TASK PROMPT: Give back exactly the stretch of data below from the line holding "VIDEO: PDIP Tak" through the line holding "Duchovné a psychologické", both ends included, and leave the remaining lines out.

RECORDS TO USE:
*** Begin section ***
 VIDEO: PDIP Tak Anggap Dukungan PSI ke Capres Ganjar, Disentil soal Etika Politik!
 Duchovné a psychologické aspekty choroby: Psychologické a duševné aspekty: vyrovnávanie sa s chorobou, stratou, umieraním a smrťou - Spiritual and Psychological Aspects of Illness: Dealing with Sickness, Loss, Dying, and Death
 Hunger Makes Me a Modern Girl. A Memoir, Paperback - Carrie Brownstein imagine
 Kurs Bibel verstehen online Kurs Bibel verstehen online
*** End section ***
*** Begin section ***
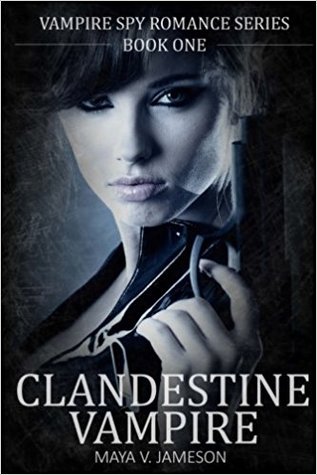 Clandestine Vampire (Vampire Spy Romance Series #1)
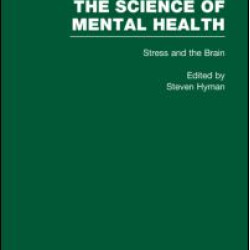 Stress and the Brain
*** End section ***
SOLUTION:
 VIDEO: PDIP Tak Anggap Dukungan PSI ke Capres Ganjar, Disentil soal Etika Politik!
 Duchovné a psychologické aspekty choroby: Psychologické a duševné aspekty: vyrovnávanie sa s chorobou, stratou, umieraním a smrťou - Spiritual and Psychological Aspects of Illness: Dealing with Sickness, Loss, Dying, and Death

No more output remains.